STUDY MATERIAL: Begin
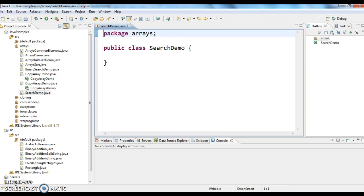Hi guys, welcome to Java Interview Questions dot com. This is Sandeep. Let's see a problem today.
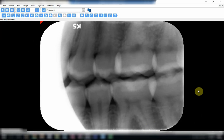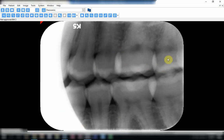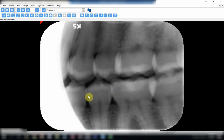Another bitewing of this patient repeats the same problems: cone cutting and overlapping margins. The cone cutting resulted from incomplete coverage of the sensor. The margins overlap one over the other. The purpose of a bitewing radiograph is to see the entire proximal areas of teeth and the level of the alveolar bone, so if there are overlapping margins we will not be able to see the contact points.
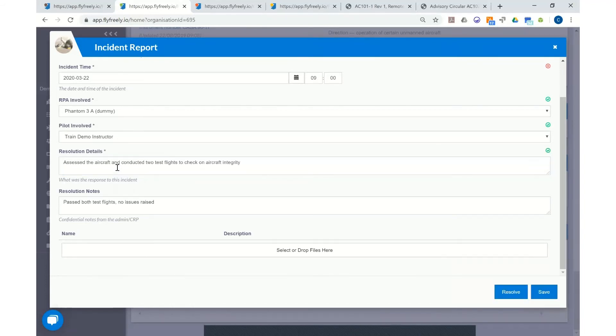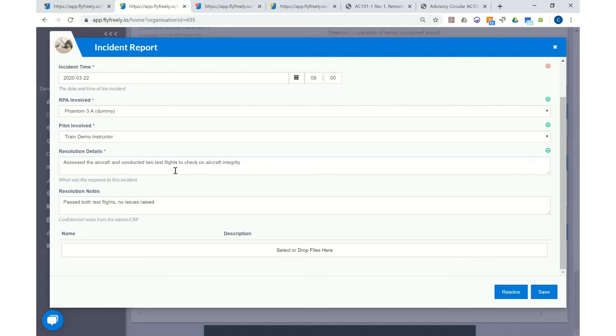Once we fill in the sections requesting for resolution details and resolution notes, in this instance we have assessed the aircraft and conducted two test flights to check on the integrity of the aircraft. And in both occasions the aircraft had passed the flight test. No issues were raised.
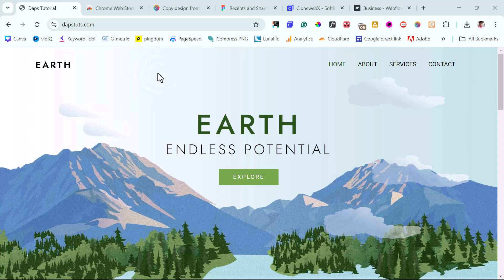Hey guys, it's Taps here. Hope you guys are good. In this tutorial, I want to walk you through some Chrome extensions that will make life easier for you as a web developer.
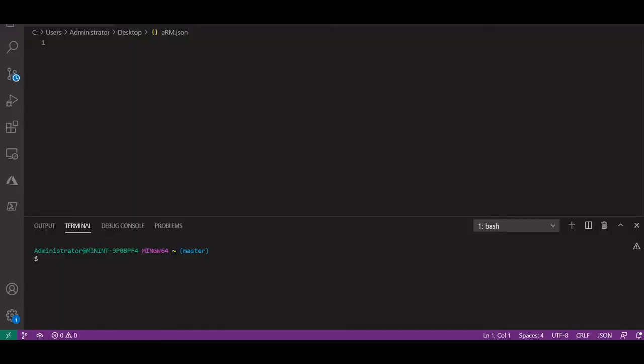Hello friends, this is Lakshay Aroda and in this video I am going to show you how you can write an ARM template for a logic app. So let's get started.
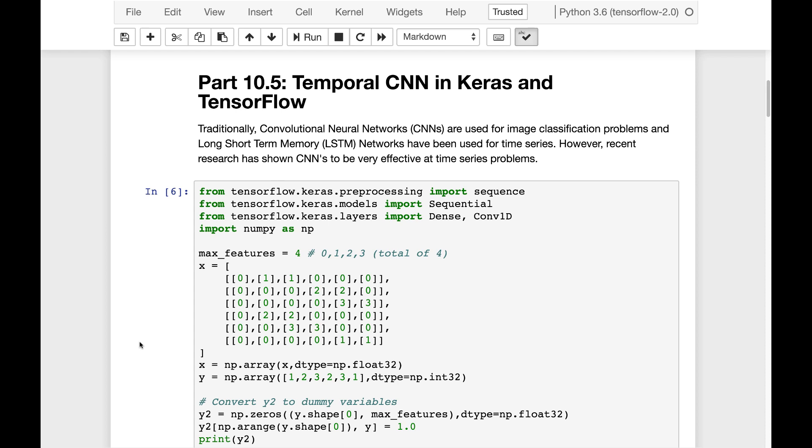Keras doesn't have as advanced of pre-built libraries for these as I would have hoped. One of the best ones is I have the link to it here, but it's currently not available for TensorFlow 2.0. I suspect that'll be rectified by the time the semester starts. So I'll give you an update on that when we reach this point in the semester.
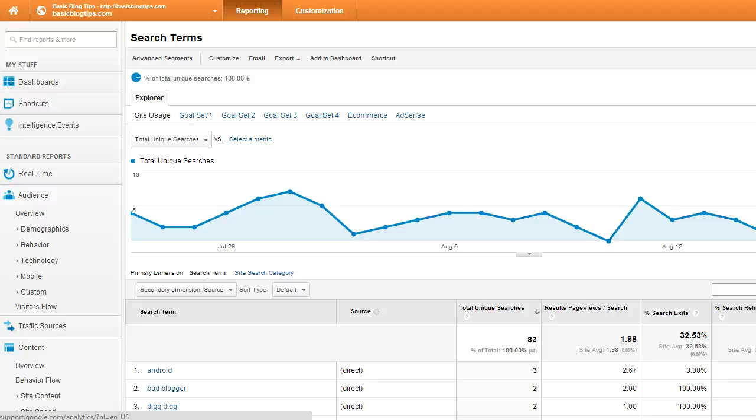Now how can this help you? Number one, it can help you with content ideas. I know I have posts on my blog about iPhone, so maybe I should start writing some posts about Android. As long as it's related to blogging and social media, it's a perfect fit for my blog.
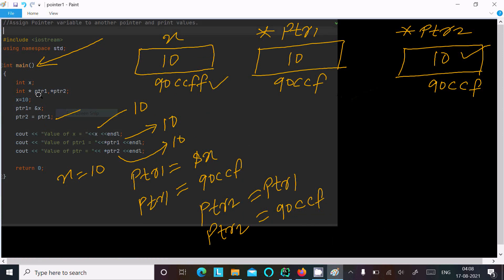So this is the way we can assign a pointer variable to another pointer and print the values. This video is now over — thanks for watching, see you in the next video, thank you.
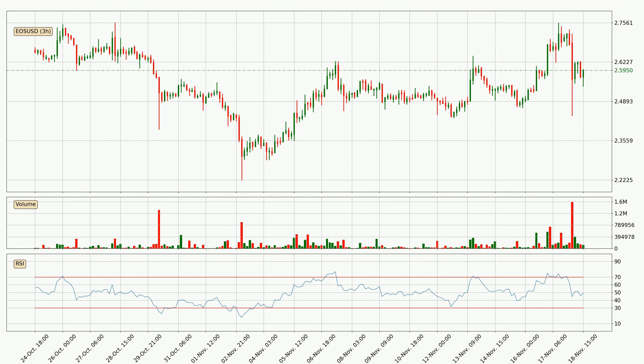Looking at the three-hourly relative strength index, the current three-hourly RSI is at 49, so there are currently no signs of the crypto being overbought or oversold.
STUDY MATERIAL: End
◆ **DIRECTIONS**
With the pictures left out, give again exactly the lines from the one with "Now how can" through the end of the data, both included.

◆ **ANSWER TO THIS PROBLEM**
Now how can this help you? Number one, it can help you with content ideas. I know I have posts on my blog about iPhone, so maybe I should start writing some posts about Android. As long as it's related to blogging and social media, it's a perfect fit for my blog.
So this is the way we can assign a pointer variable to another pointer and print the values. This video is now over — thanks for watching, see you in the next video, thank you.
Looking at the three-hourly relative strength index, the current three-hourly RSI is at 49, so there are currently no signs of the crypto being overbought or oversold.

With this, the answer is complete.